You can typically re-use the stock head bolts and I have never heard or read of any problems associated with re-using them as long as the engine has not been torn down a couple times in the past - then it might be risky to re-use them and better to install a new set. They also have the accessory mounting studs needed on some builds that other bolt kits do not. Wire brush all bolt threads, carefully inspect each one, and replace any that are nicked, deformed, or worn. If a bolt doesn’t thread into a hole smoothly with finger force alone, there is a problem with either the bolt hole or the bolt. If you want to purchase a new bolt kit with the accessory studs, they can be had. Butler offers them, Inline Tube has them, Jegs has them, and I have seen them on Ebay as well.

The threads on the bolts typically need to be oiled for installation. It is recommended to use a 10w-30 or 30 weight oil. How much oil? My machinist says to put oil on the threads and then wipe off with a rag so just a light coating covers the threads - never wet or dripping. Put a light coat of oil under the bolt head as well. Then torque to factory specs.
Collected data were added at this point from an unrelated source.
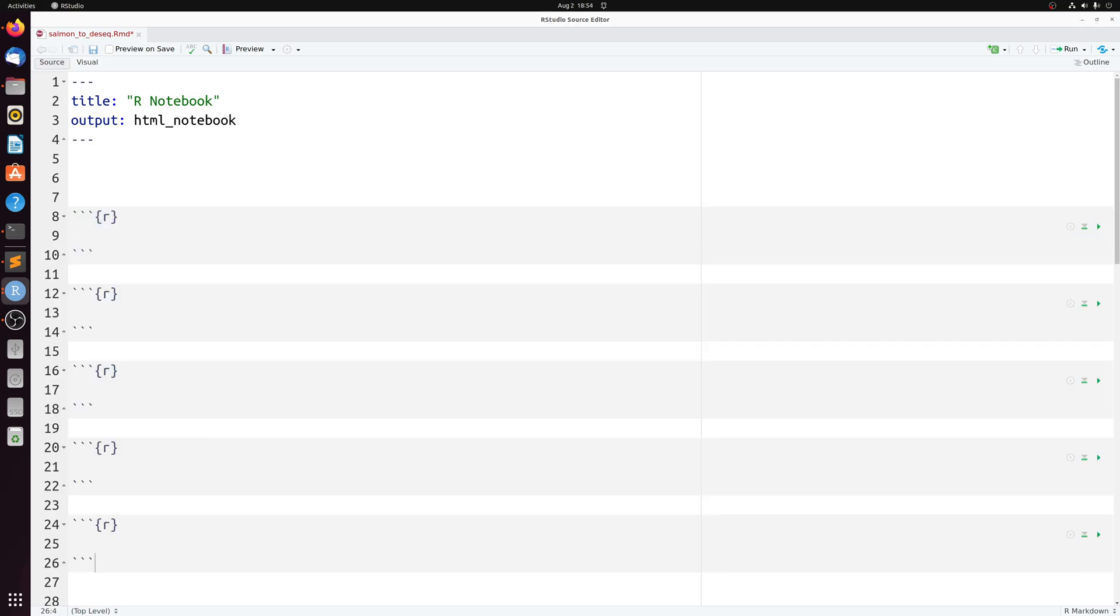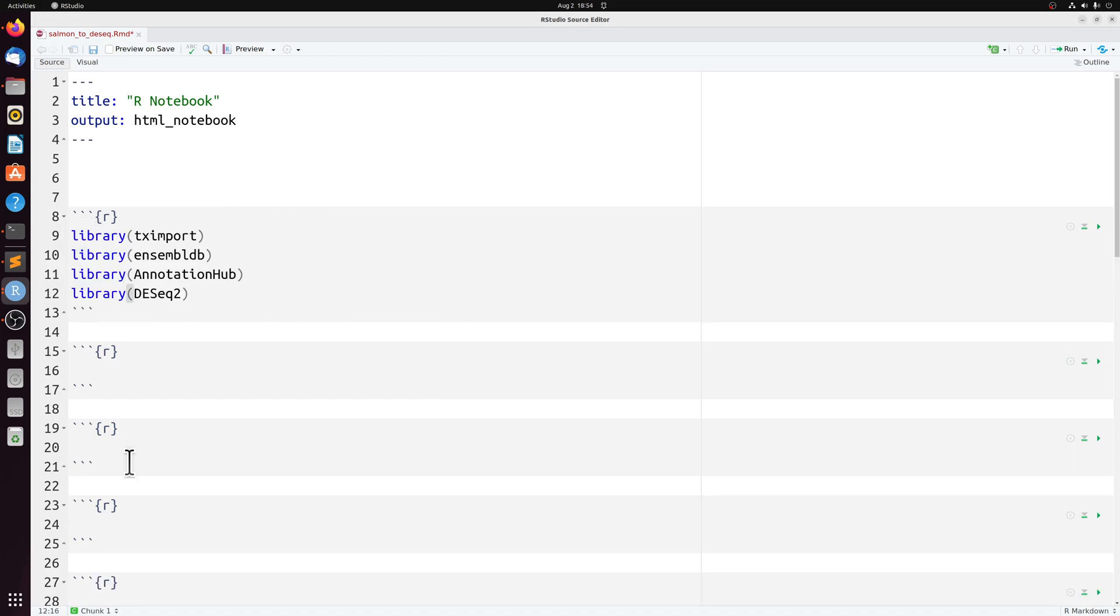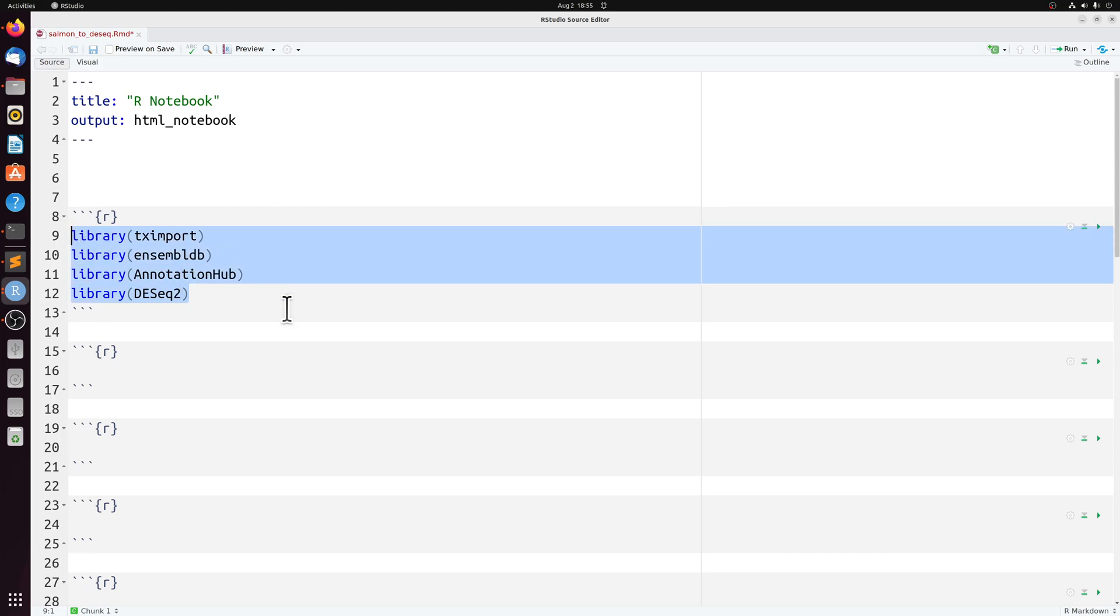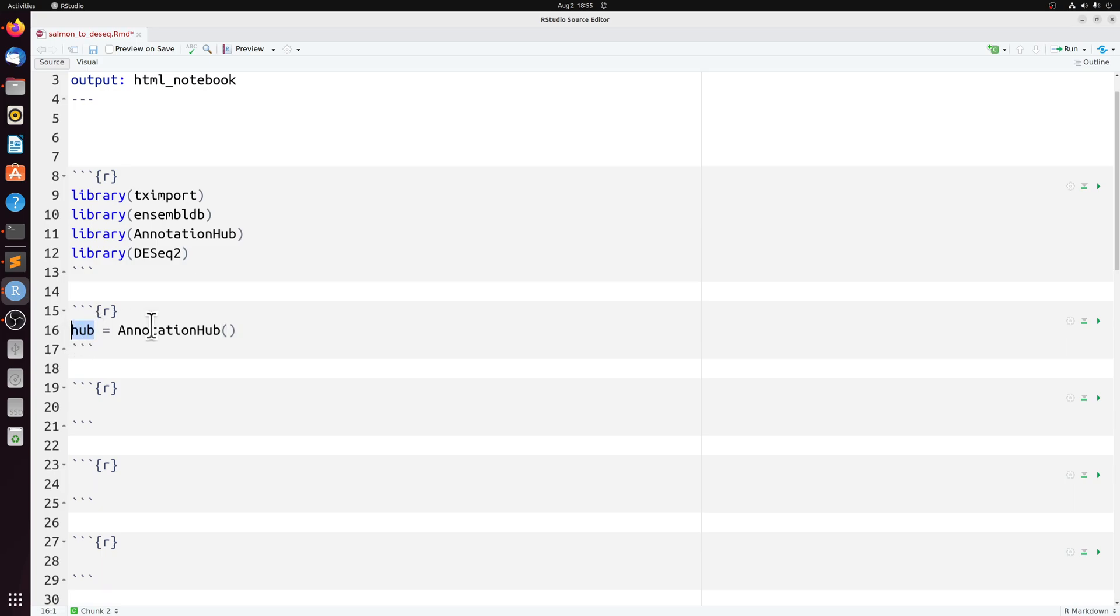So I started an R notebook inside the same directory that we have our salmon output parent directory. And we're going to need a few libraries: tximport, but we're also going to need EnsemblDb annotation hub. And if you want to do your differential expression in DESeq, if you don't have any of these, you'll need to install them through Bioconductor. And we're going to start by initializing annotation hub.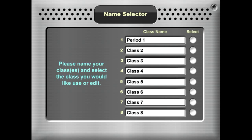Hello and welcome to Kagan's Selector Tools demo. This is the name selector. When you enter the name selector, it says please name your classes and select the class you would like to use or edit. So let's go ahead and name our classes.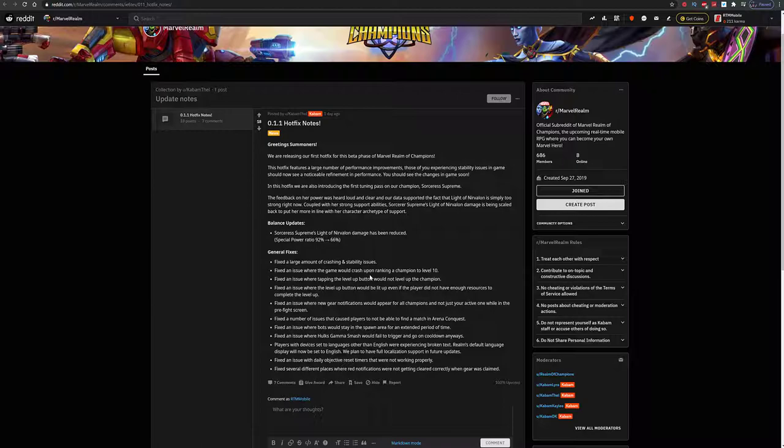Players with devices set to languages other than English were experiencing broken text. Realm's default language display will now be set to English. So that means anybody outside of America or the US, you're gonna have to play it as is. Eventually they will have localization support, which means you can change the language to whatever you want.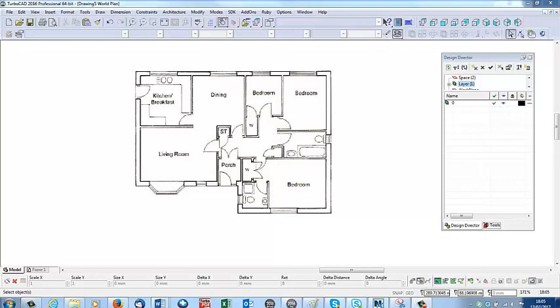Now all CAD drawings should be drawn one to one. You shouldn't be drawing in scale. So the first thing we need to do is make this full size.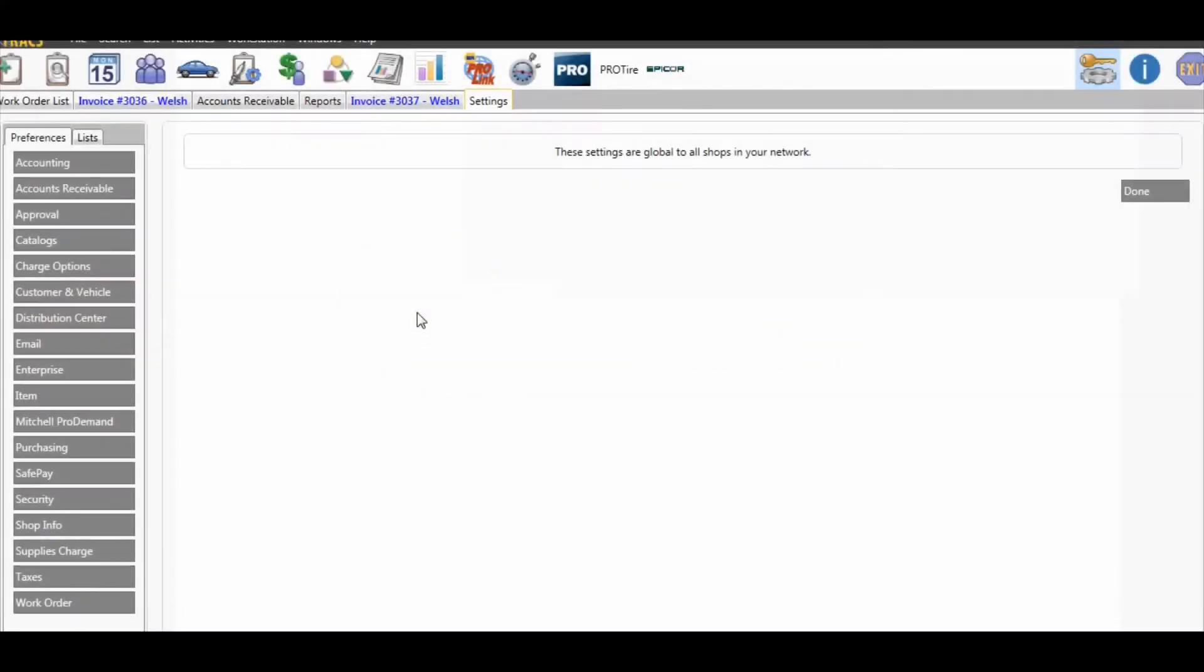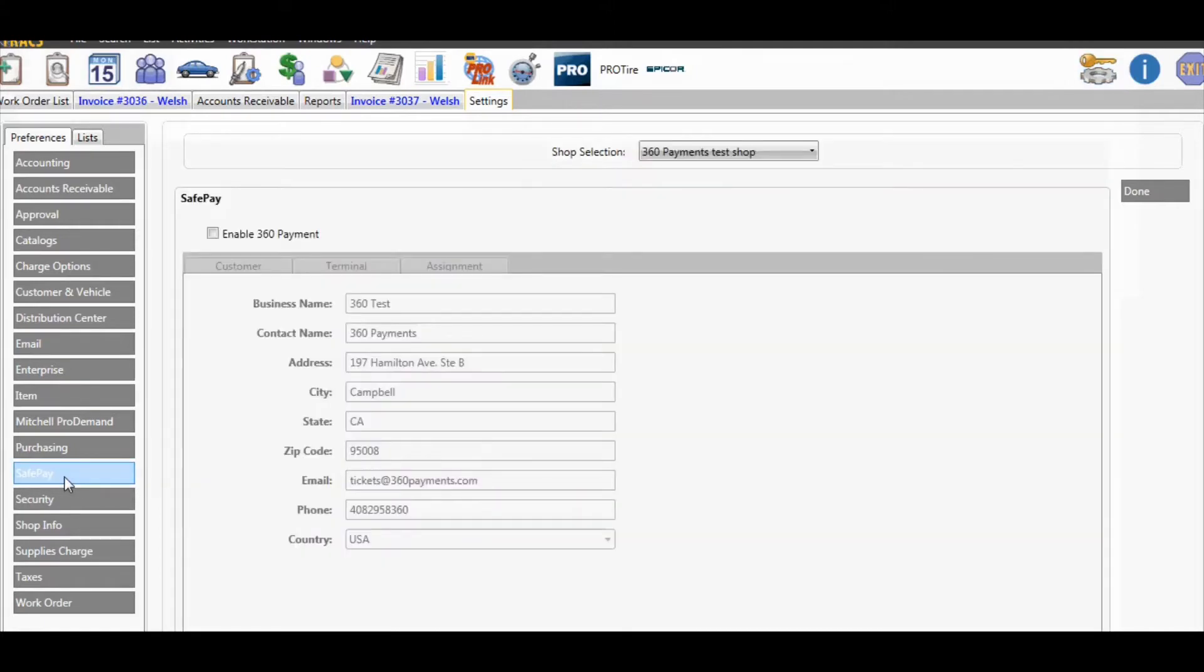Today we're going to show you how to pair a credit card terminal with 360 payments and NapaTrax. From within settings, click on SafePay, then enable 360 payment.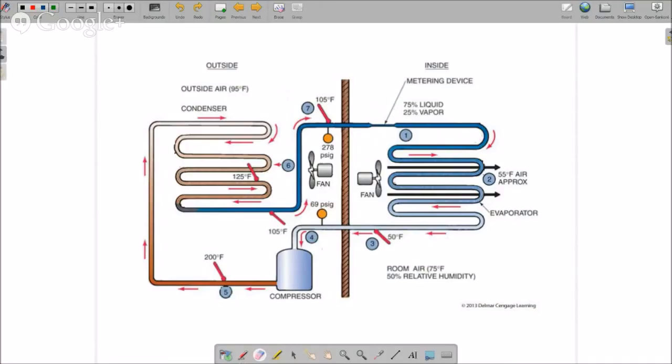We're going to go through a refrigeration cycle of a system that is properly charged. We'll talk about what happens with the refrigerant and see what happens with superheat, subcooling, and the sensible and latent heat.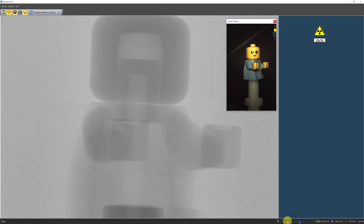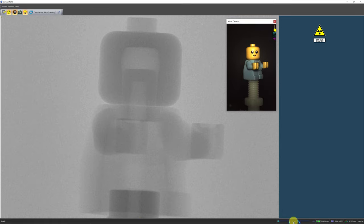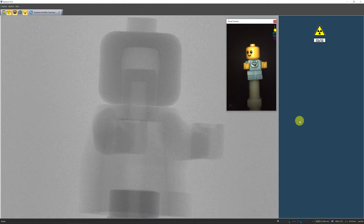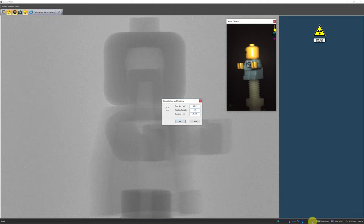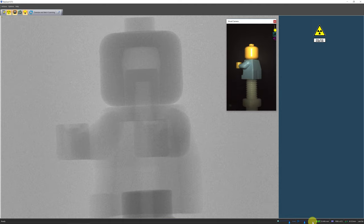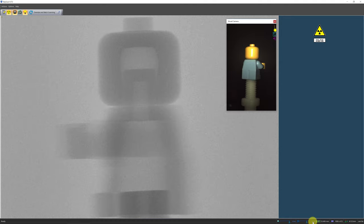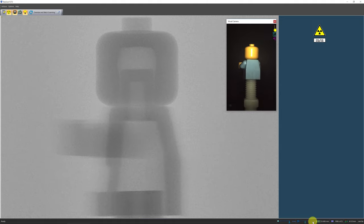You can also call out the magnification and position dialog by a single left click on the pixel size column number and manually type in the desired pixel size. Once you select the lowest possible pixel size that can fit the entire object in the field of view, check the sample at 0, 90, 180, and 270 degrees to make sure that when the sample rotates, it is still within the detector's field of view. Regions that rotate outside the field of view during acquisition will be cut off and cannot be reconstructed.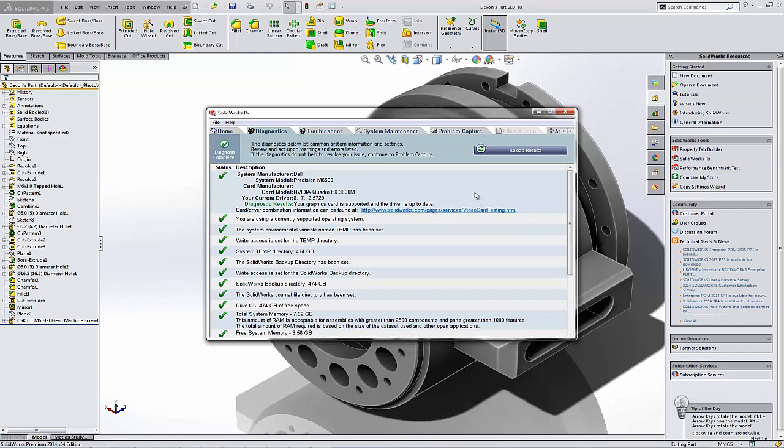So I hope this helps. 101 on checking your graphics card for SolidWorks. If you have any questions, please leave them in the comments below. This is Adam Hughes with GoEngineer. Thanks for watching.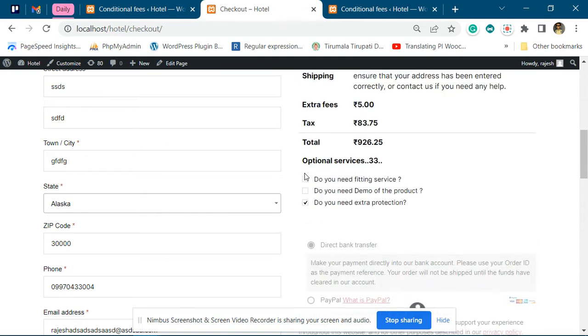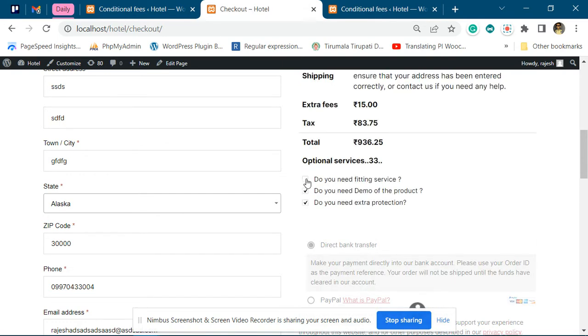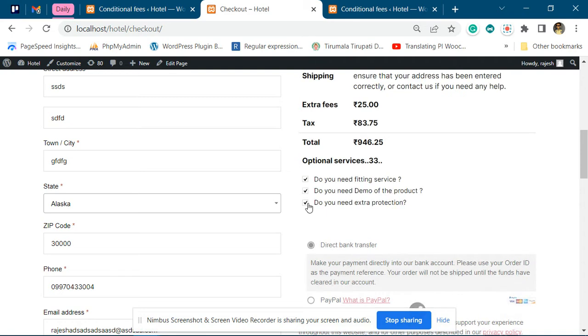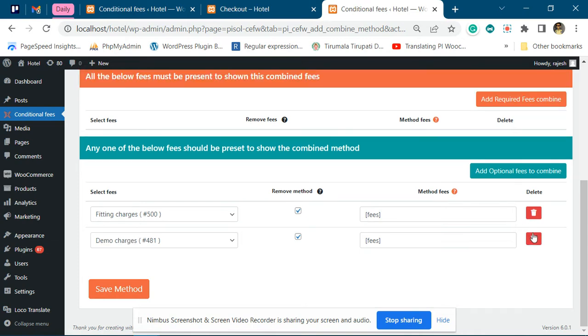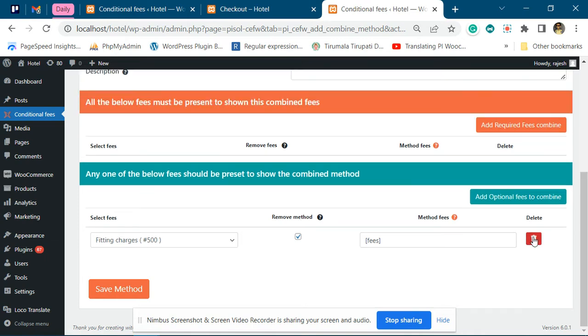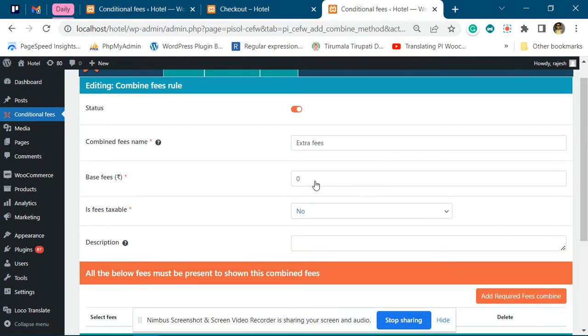Now suppose you want to offer a discount when the person opts for both fitting services and demo services.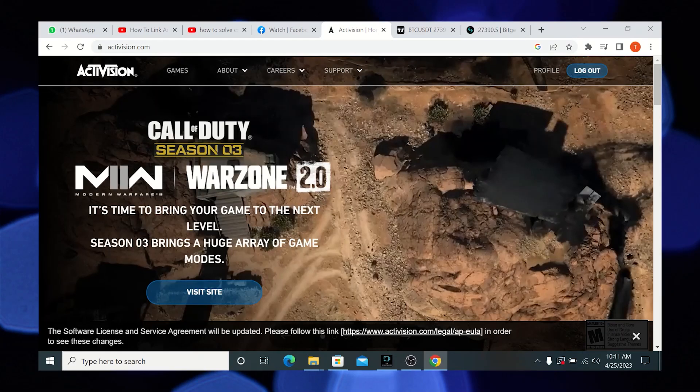Hi guys! Welcome to How to Maximize. In this video I will show you how to link Activision to Steam for COD.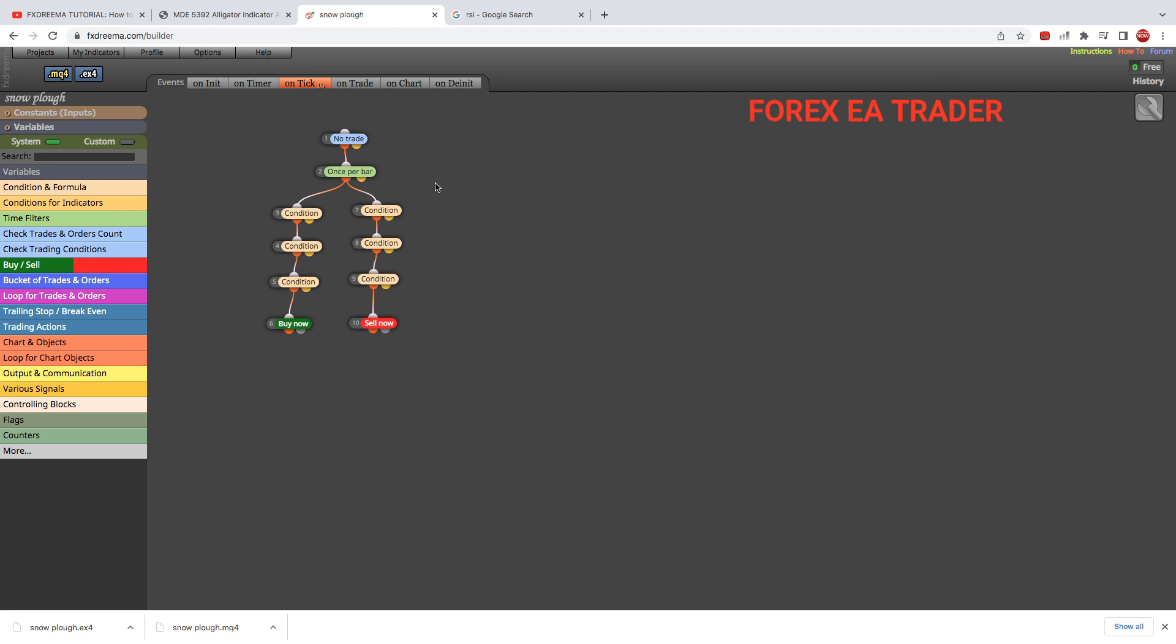That's it about this. Like I said on this channel, I've shown you how to use trailing stops and break even and stuff like that. Look for that video if you want to add such things. I'm trying to limit my blocks to 10 because that's the free version of FX Dreamer—it needs to be 10 blocks and below if you want to use it for free. Guys, subscribe. I'll see you in the next one. Bye.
You can use other lubricants, but this can change the torque requirements and unless you know what that is, stick to the oil and factory specs. 

An upgrade from stock head bolts are the ARP brand of head bolts. They are stronger. They have a radius that can be seen under the bolt head going to the bolt shank and requires the matching ARP hardened washer which has a chamfer that the bolt radius seats into. They typically have a slightly different torque spec and requires their supplied ARP Ultra-Torque lube to properly torque them down. Instructions are supplied along with torque values.

Next up is the stud, also made by ARP. The studs are threaded on each end. Studs provide a more even clamping load than bolts and won’t wear out the threads in the block if the heads have to be removed repeatedly for tear downs and inspections. They also provide a much more accurate and consistent torque loading. This is why they are used in most racing engines. The "top" side of the stud has a hex broached into it so an allen head wrench can be used to ease installation - it is NOT used to tighten or torque the stud down. Cylinder head studs are installed only hand tight. It is extremely important to ensure that the studs are fully bottomed out in the hole in the block and not hung up on damaged or corroded threads in the block preventing the stud from being fully seated and is why a thread-chaser/bottoming tap should be used. If the stud threads extend past the blocks deck surface, it often indicates that the stud did not fully seat. This indicator may not apply if the block has been milled to "zero deck" it - no personal knowledge on decking a block and using studs so I am not sure?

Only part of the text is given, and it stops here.